In the meantime, I will find pleasure in watching my youngest son and my daughter flourish. I will take pride in their accomplishments. I will continue to watch them work hard to achieve the goals they have set for themselves. Goals that will allow them to be productive members of society, goals that will allow them to be happy.

After all, that’s what every parent wants for their kids, right?




breaking the cycle

As you know, if you’ve been following and reading my blog for a while, there wasn’t much laughter in my childhood. When you grow up the way I did, It’s easy to become damaged. It’s easy to grow into an adult with low self esteem, believing you are totally worthless. And, if you’re not careful, it’s easy to make your own children believe the same thing.

Yes, you heard me right. After all, how do you learn to parent? How do you know how to discipline your children, how to encourage them? If your parents brought you chicken noodle soup when you were sick, wouldn’t that be what you’d give your child if they were sick? Why? Because, we are trained to believe that the way our parents raise us is the right way. Even if their way makes us feel, well, less than loved; we still think that’s the way it’s supposed to be.

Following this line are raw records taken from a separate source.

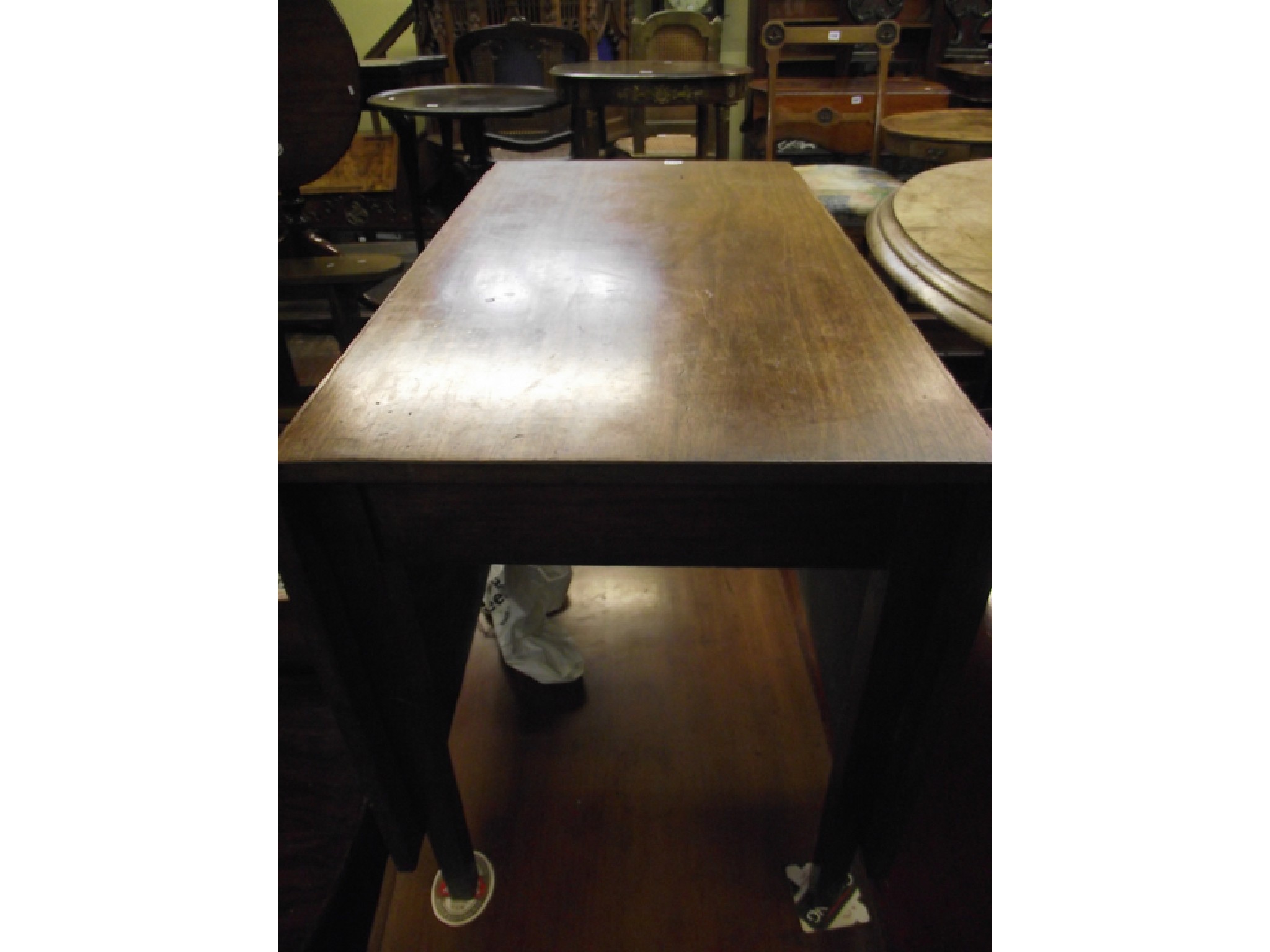 Appraisal: An early th century mahogany drop leaf dining table on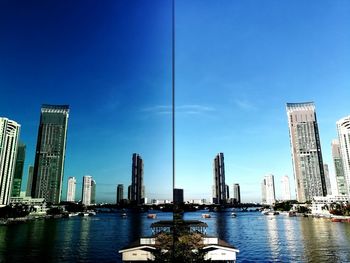 River by modern buildings against blue sky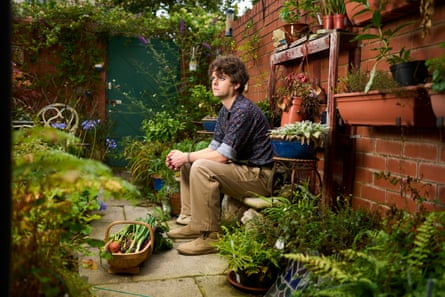 Samuel Rowe sits against a brick wall in his garden amid pots of flowers and herbs and beds with feathery ferns; he is 35 with dark wavy hair and wears light tan trousers and a dark blue patterned shirt. A trug filled with vegetables is by his feet and plants are on shelves on the wall as well as on the paving.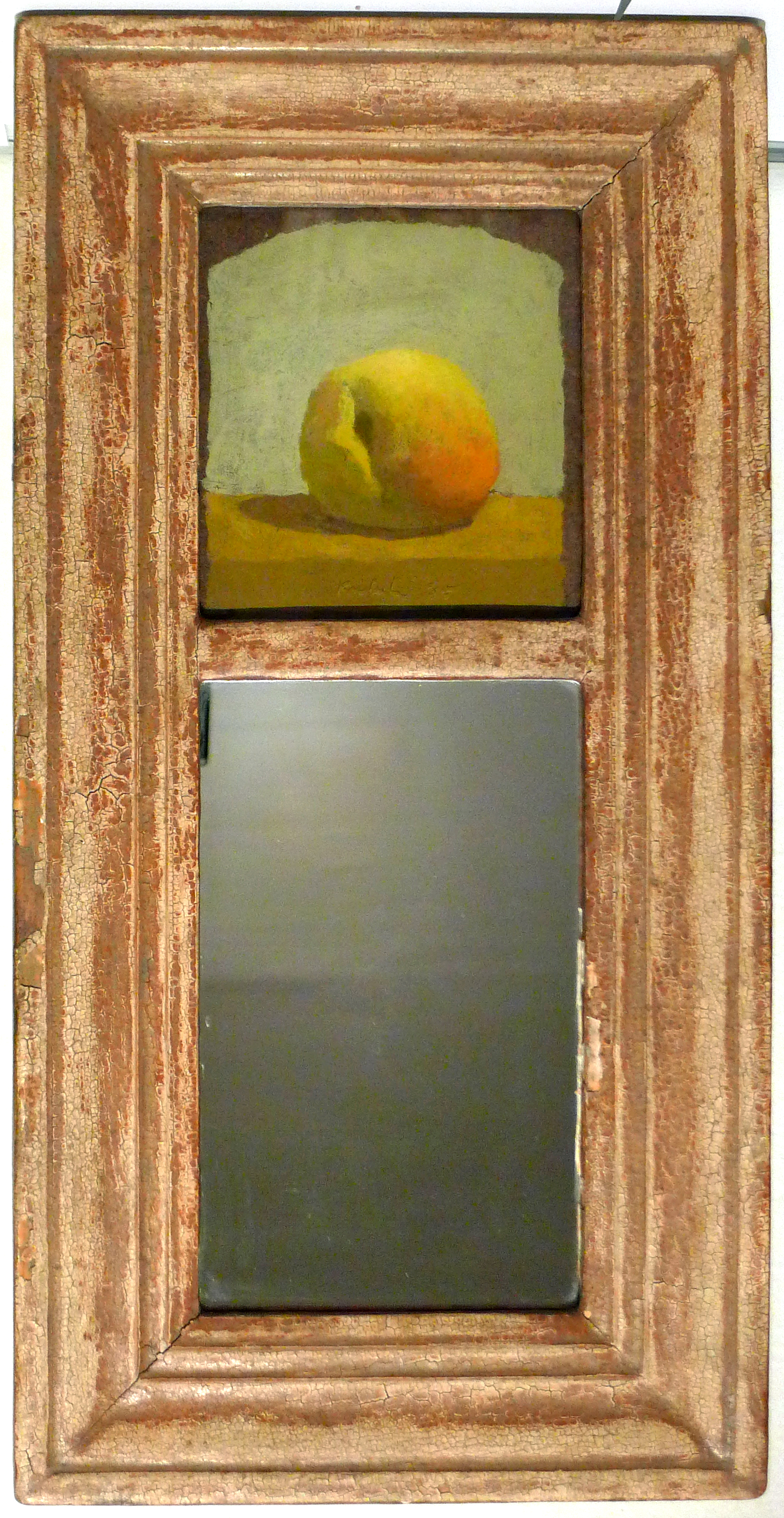 Yellow peach on brown table at top centerr in tall rectangular frame with mirror at lower centerr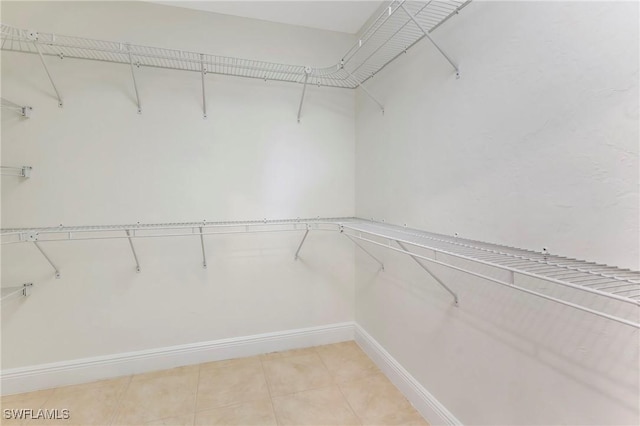 spacious closet featuring light tile patterned floors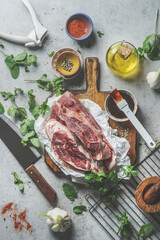Raw meat pieces on wooden cutting board with oil, spices, marinade, herbs and cooking utensils on grey kitchen table. Cooking and grill preparation at home with flavorful homemade marinade. Top view.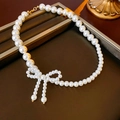 Elegant pearl choker necklace featuring a unique handmade pearl bowknot design with gold clasp - 58# Butterfly Pearl Necklace (10mm Bow)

Have you ever heard the saying, “The abused becomes the abuser?” It sounds absurd, right? I can remember saying that I would never treat my kids the way I was treated when I was growing up. And unfortunately, I had picked up some pretty bad habits. Don’t get me wrong, I don’t think I was even a fraction of the meanster (yes, that’s how I saw it) that I grew up with. But, I will admit that in my attempts to make my children understand the depths of their mistakes, I know I went a little too far. I can remember my husband saying to me, “Remember how you felt when your dad talked to you that way?” Stupid… that’s exactly how I would feel. And I remember the first time one of my kids told me that I made them feel stupid. And the first time wasn’t the last. Something had to change.

I had to break the cycle. And I did.

Now, I am not trying to make excuses. I am just saying that I didn’t know any better. I can assure you and I hope you know me well enough to believe that I am not the type of person that is mean because I enjoy it. There are truly some sick people who actually find pleasure in seeing others suffer. That is definitely not me. My kids know that I have always wanted what is best for them. I just went about it the wrong way… in the beginning.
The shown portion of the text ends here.